───── SUPPLIED DATA ─────

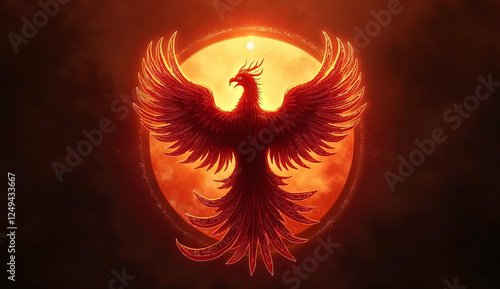 burning pheonix on a red background
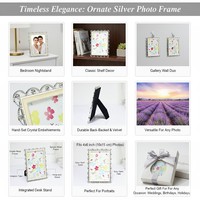 Marco de Fotos de Lujo con Marco de Metal Plateado Premium y Borde Festoneado de Cristal para Decoración del Hogar, Bodas y Regalos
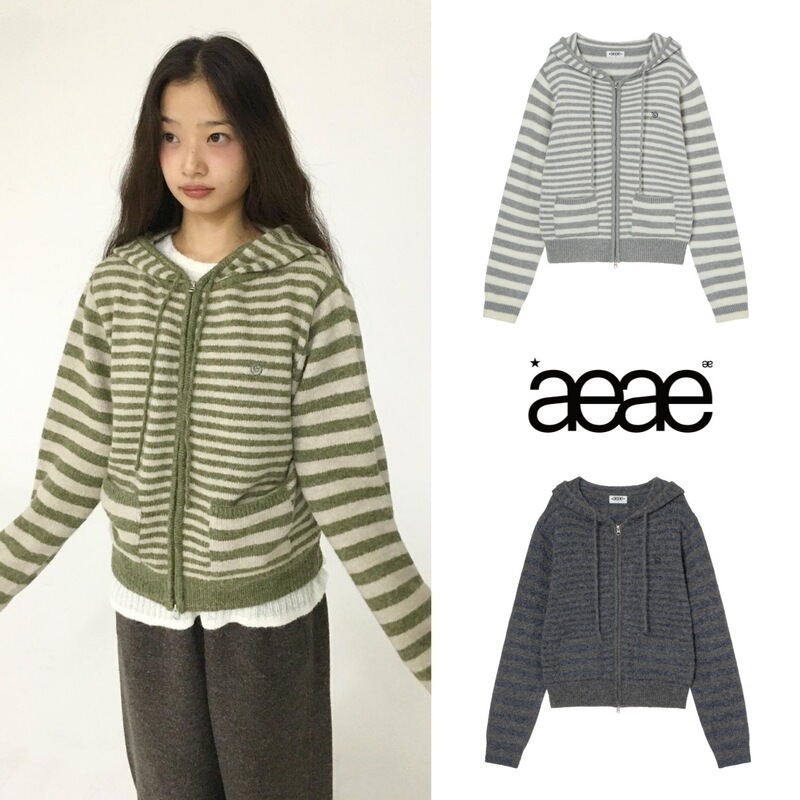 2025 Autumn Aeae Korean Niche Fashion Brand Casual Style Color-Blocked Striped Short Hooded Knitted Sweater Jacket for Women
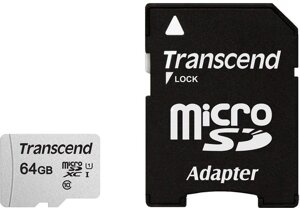 Картка пам'яті microsdxc 64 gb transcend 300S class10 UHS-I U1 (TS64GUSD300S-A)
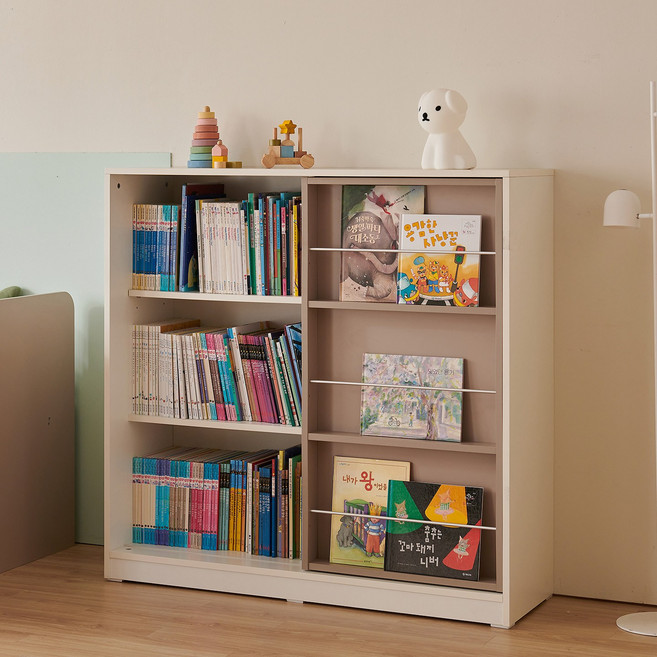 윌코 윌로우 솜솜 가로 1200 높이 1170 슬라이딩 책장, 그레이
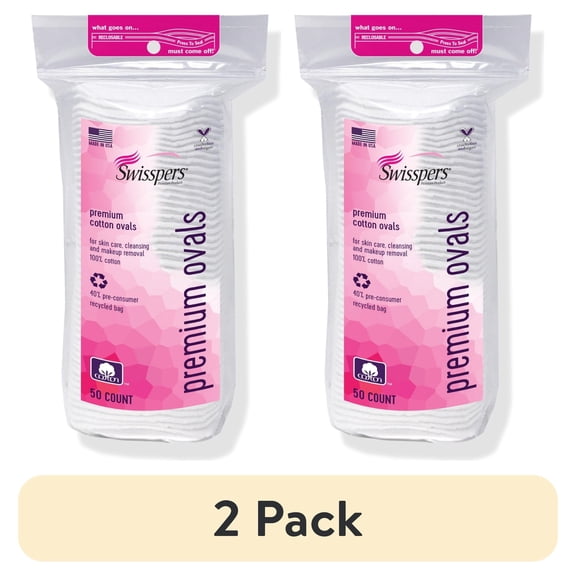 (2 pack) Swisspers Premium Cotton Ovals, 100% Chlorine Free Cotton, Dermatologist Tested, Soft, Strong, Sensitive Skin Safe, Absorbent, Hypoallergenic, Cruelty-Free, Vegan, Paraben Free, 50 Pads
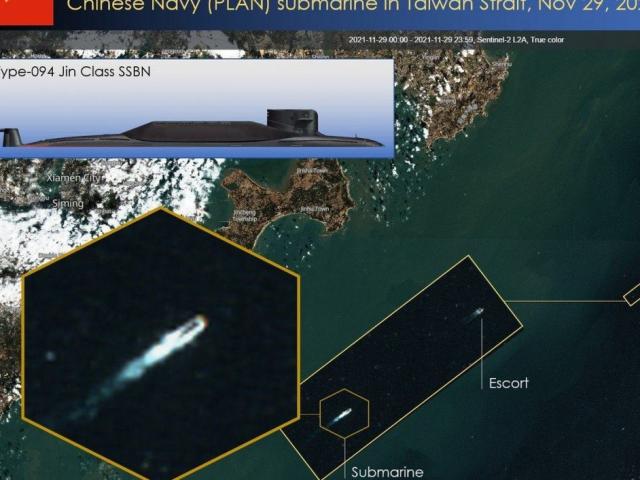 Ảnh vệ tinh hé lộ hoạt động khác thường của tàu ngầm hạt nhân TQ ở eo biển Đài Loan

─────

* [WORK REQUIRED]
All entries above must be repeated exactly; pictures are to be left out.

* [ANSWER SECTION]
 burning pheonix on a red background
 Marco de Fotos de Lujo con Marco de Metal Plateado Premium y Borde Festoneado de Cristal para Decoración del Hogar, Bodas y Regalos
 2025 Autumn Aeae Korean Niche Fashion Brand Casual Style Color-Blocked Striped Short Hooded Knitted Sweater Jacket for Women
 Картка пам'яті microsdxc 64 gb transcend 300S class10 UHS-I U1 (TS64GUSD300S-A)
 윌코 윌로우 솜솜 가로 1200 높이 1170 슬라이딩 책장, 그레이
 (2 pack) Swisspers Premium Cotton Ovals, 100% Chlorine Free Cotton, Dermatologist Tested, Soft, Strong, Sensitive Skin Safe, Absorbent, Hypoallergenic, Cruelty-Free, Vegan, Paraben Free, 50 Pads
 Ảnh vệ tinh hé lộ hoạt động khác thường của tàu ngầm hạt nhân TQ ở eo biển Đài Loan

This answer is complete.